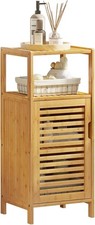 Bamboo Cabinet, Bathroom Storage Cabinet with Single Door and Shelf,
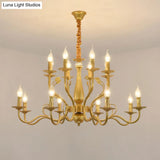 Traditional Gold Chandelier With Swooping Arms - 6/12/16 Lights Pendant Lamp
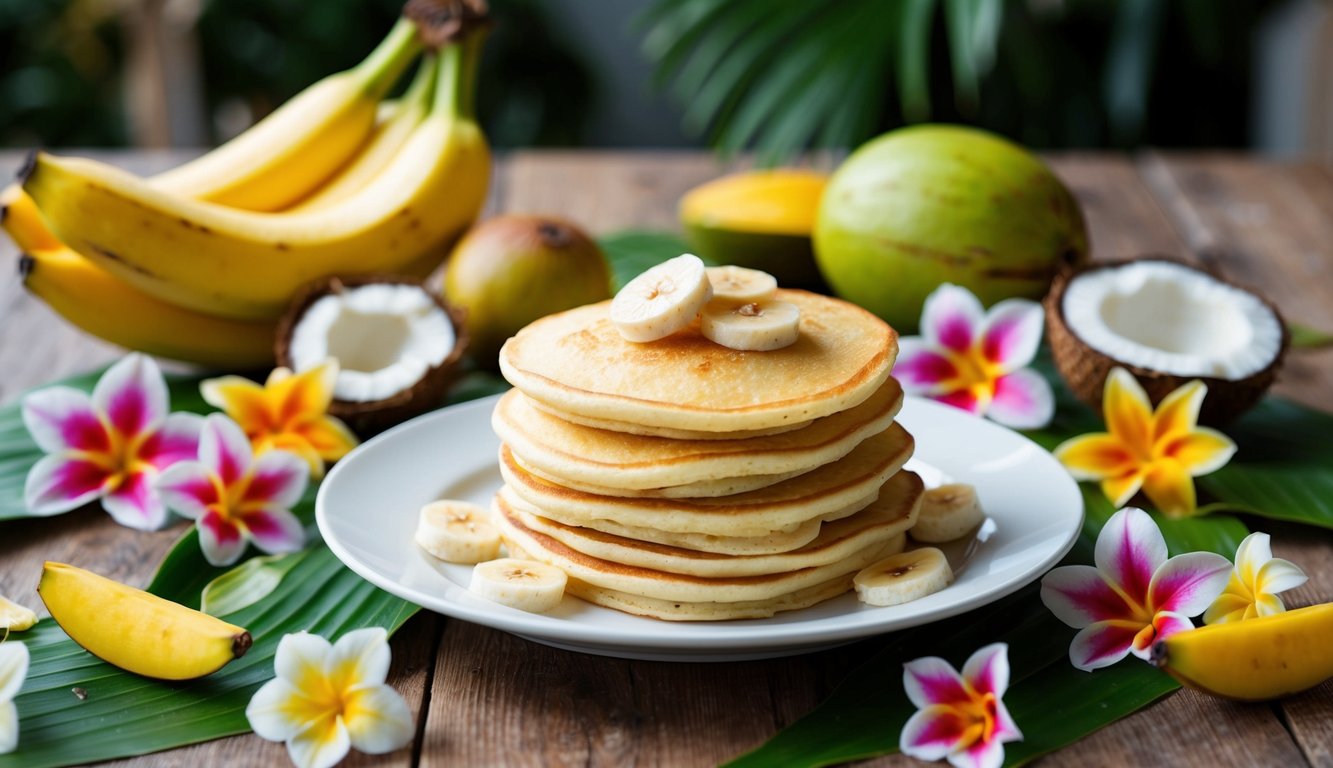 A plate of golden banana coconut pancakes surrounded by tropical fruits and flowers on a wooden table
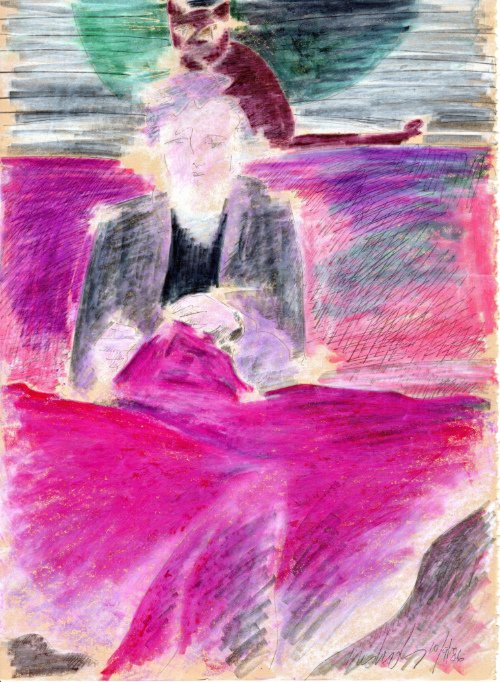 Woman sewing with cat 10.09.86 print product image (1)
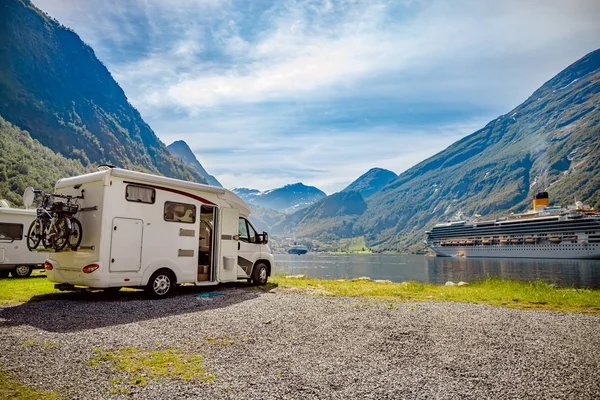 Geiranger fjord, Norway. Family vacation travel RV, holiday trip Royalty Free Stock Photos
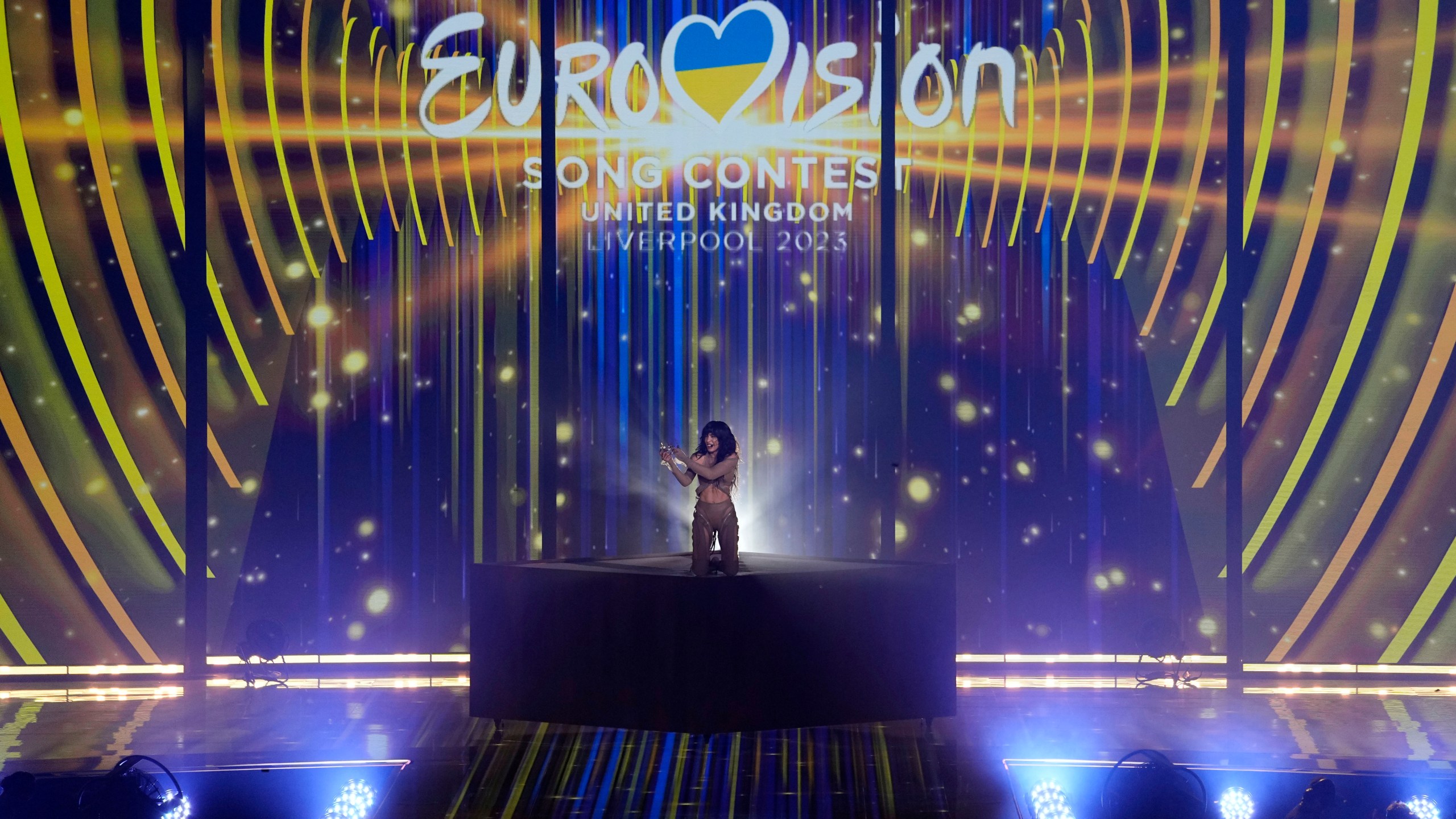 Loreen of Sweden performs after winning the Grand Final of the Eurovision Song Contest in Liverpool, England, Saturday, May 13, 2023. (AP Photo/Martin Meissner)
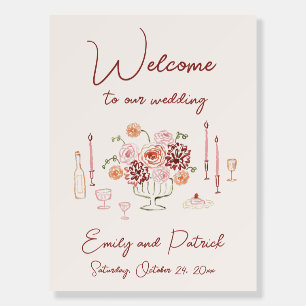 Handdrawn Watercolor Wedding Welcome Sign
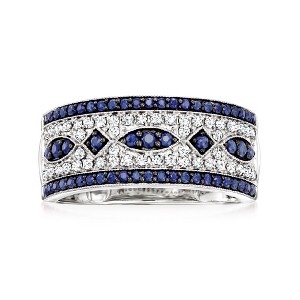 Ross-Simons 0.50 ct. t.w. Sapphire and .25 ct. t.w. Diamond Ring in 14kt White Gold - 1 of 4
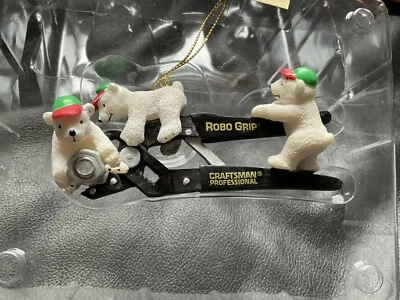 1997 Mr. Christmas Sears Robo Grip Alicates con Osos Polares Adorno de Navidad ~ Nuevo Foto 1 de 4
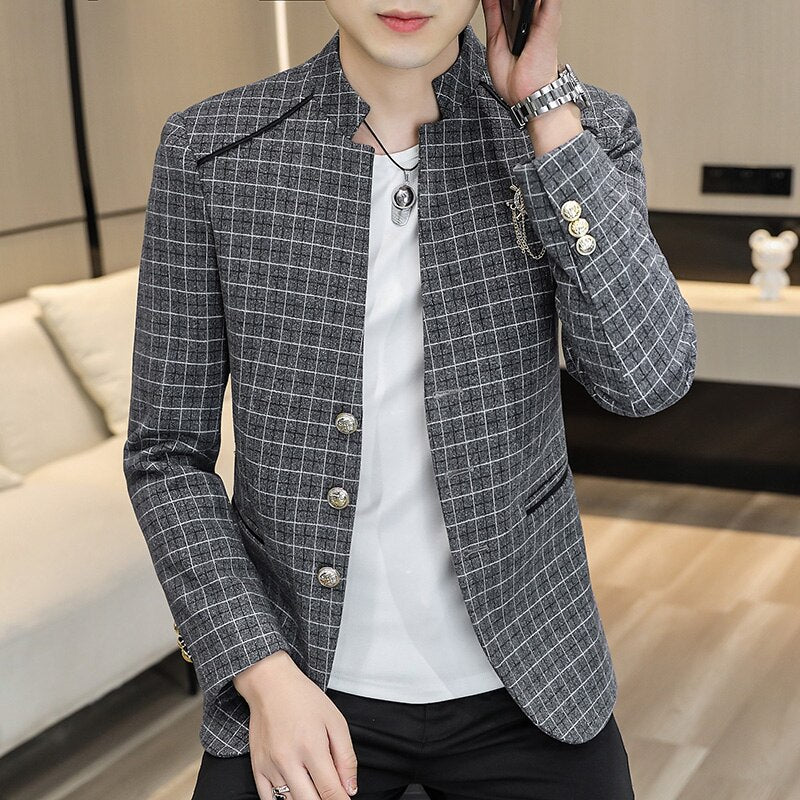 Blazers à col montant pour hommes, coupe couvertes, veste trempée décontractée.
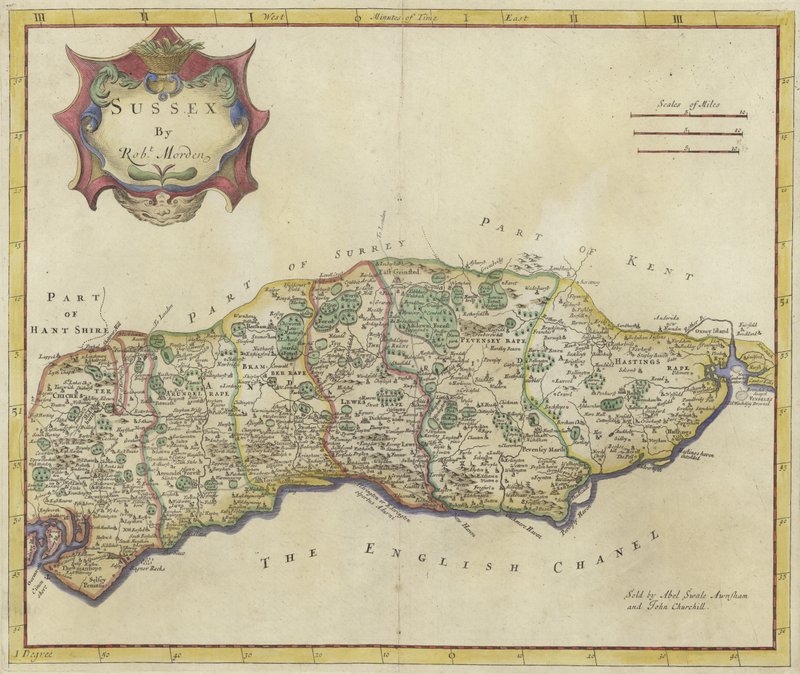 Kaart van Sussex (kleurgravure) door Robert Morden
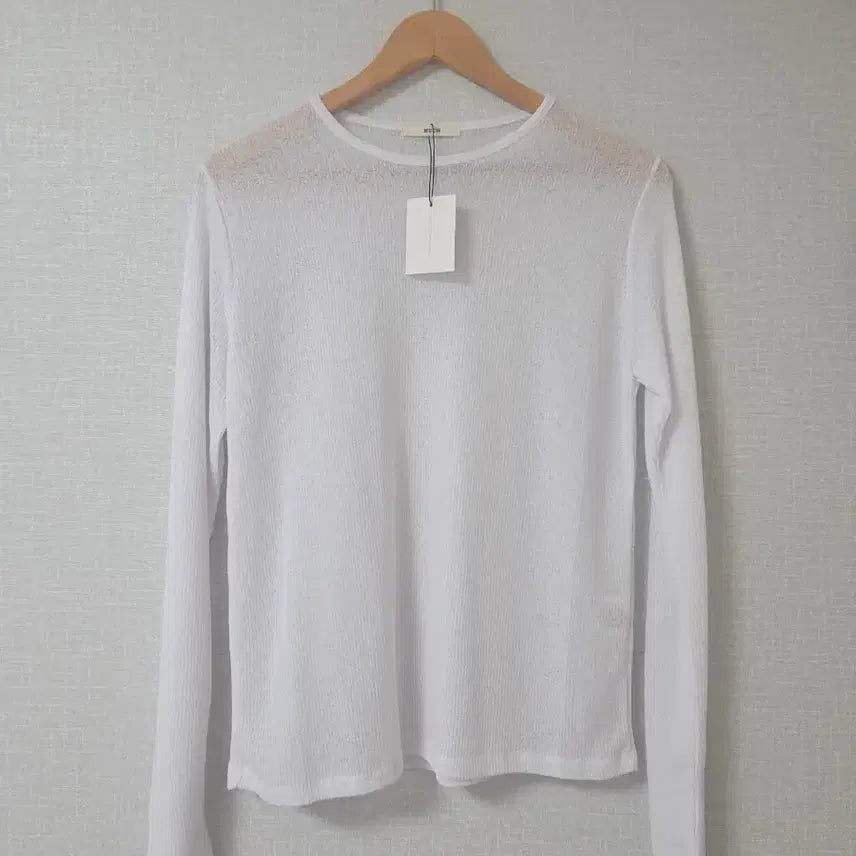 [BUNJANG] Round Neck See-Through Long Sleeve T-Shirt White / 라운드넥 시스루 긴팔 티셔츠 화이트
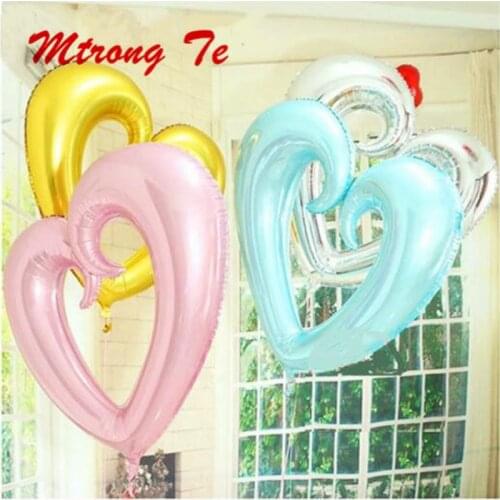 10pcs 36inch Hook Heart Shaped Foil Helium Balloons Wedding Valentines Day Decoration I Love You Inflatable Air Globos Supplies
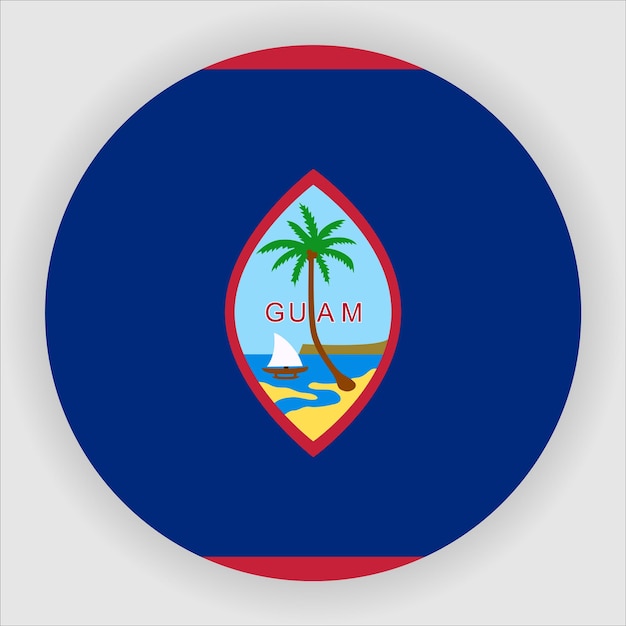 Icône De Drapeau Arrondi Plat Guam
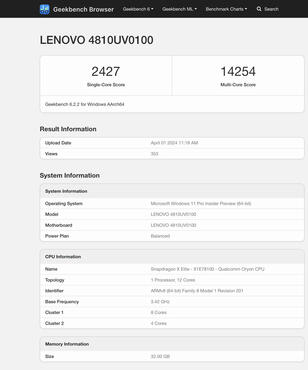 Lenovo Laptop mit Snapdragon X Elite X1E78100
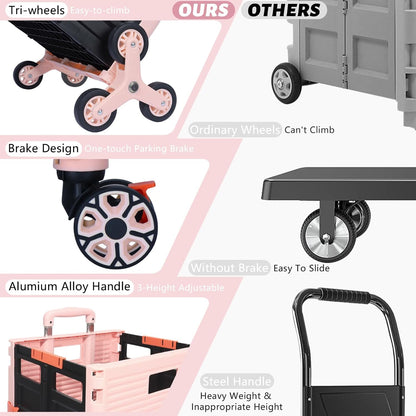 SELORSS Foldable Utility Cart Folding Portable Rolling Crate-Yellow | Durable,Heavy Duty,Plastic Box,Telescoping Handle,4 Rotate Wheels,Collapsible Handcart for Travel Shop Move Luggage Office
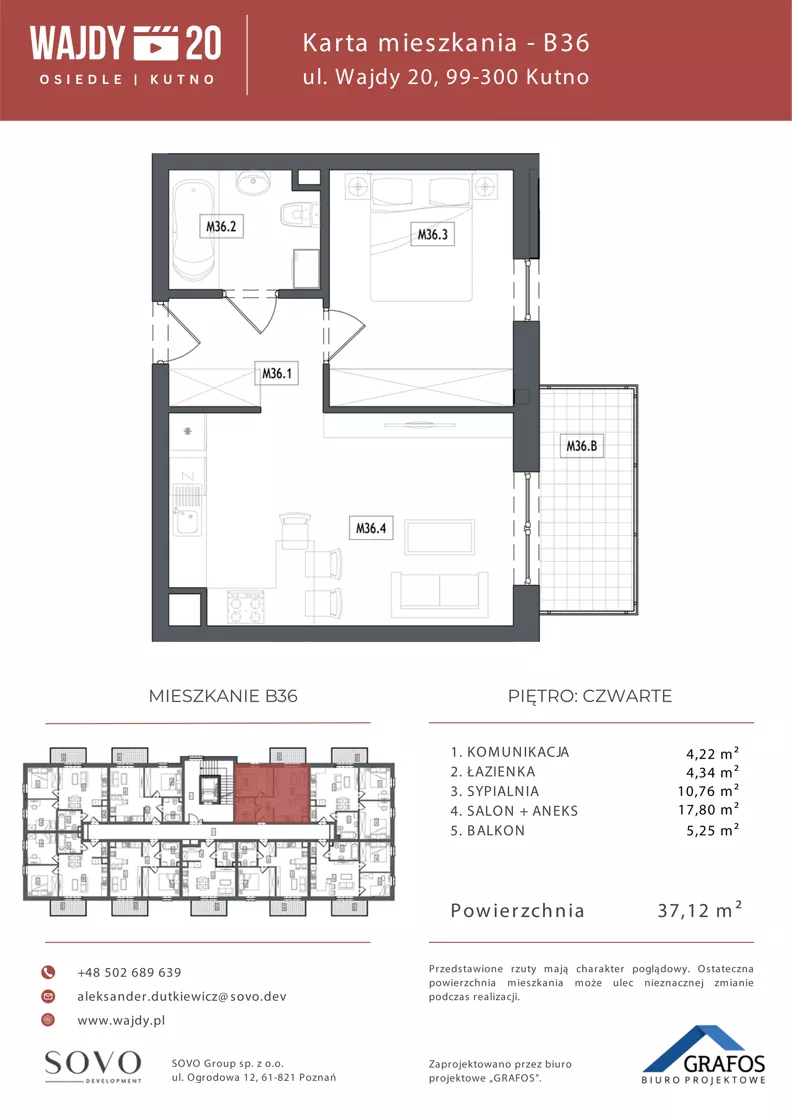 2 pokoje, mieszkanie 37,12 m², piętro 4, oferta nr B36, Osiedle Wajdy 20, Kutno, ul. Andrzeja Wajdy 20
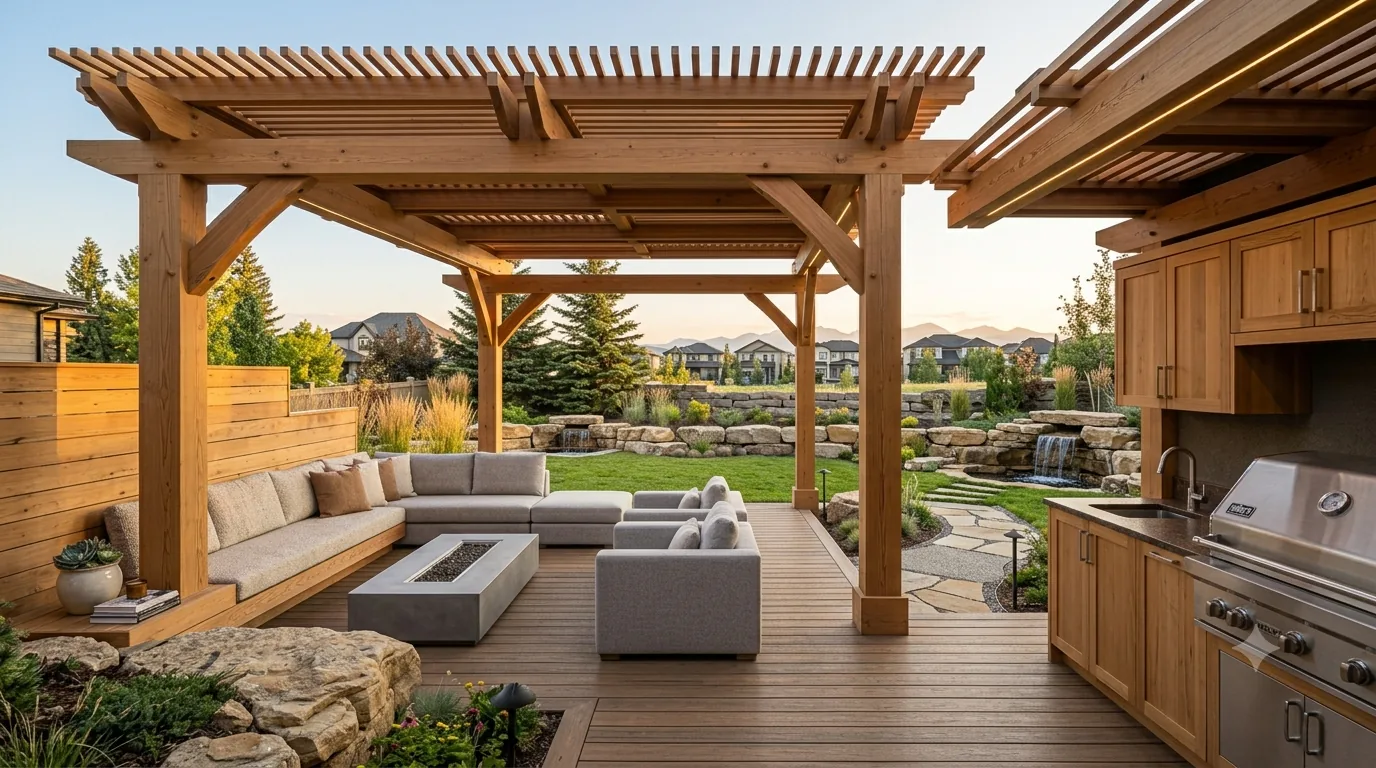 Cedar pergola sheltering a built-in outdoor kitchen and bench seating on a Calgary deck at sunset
########################################
## Exercise objective
Copy out the material above in full and exactly; its pictures are not to appear.

## Answer to this exercise
 Bamboo Cabinet, Bathroom Storage Cabinet with Single Door and Shelf,
 Traditional Gold Chandelier With Swooping Arms - 6/12/16 Lights Pendant Lamp
 A plate of golden banana coconut pancakes surrounded by tropical fruits and flowers on a wooden table
 Woman sewing with cat 10.09.86 print product image (1)
 Geiranger fjord, Norway. Family vacation travel RV, holiday trip Royalty Free Stock Photos
 Loreen of Sweden performs after winning the Grand Final of the Eurovision Song Contest in Liverpool, England, Saturday, May 13, 2023. (AP Photo/Martin Meissner)
 Handdrawn Watercolor Wedding Welcome Sign
 Ross-Simons 0.50 ct. t.w. Sapphire and .25 ct. t.w. Diamond Ring in 14kt White Gold - 1 of 4
 1997 Mr. Christmas Sears Robo Grip Alicates con Osos Polares Adorno de Navidad ~ Nuevo Foto 1 de 4
 Blazers à col montant pour hommes, coupe couvertes, veste trempée décontractée.
 Kaart van Sussex (kleurgravure) door Robert Morden
 [BUNJANG] Round Neck See-Through Long Sleeve T-Shirt White / 라운드넥 시스루 긴팔 티셔츠 화이트
 10pcs 36inch Hook Heart Shaped Foil Helium Balloons Wedding Valentines Day Decoration I Love You Inflatable Air Globos Supplies
 Icône De Drapeau Arrondi Plat Guam
 Lenovo Laptop mit Snapdragon X Elite X1E78100
 SELORSS Foldable Utility Cart Folding Portable Rolling Crate-Yellow | Durable,Heavy Duty,Plastic Box,Telescoping Handle,4 Rotate Wheels,Collapsible Handcart for Travel Shop Move Luggage Office
 2 pokoje, mieszkanie 37,12 m², piętro 4, oferta nr B36, Osiedle Wajdy 20, Kutno, ul. Andrzeja Wajdy 20
 Cedar pergola sheltering a built-in outdoor kitchen and bench seating on a Calgary deck at sunset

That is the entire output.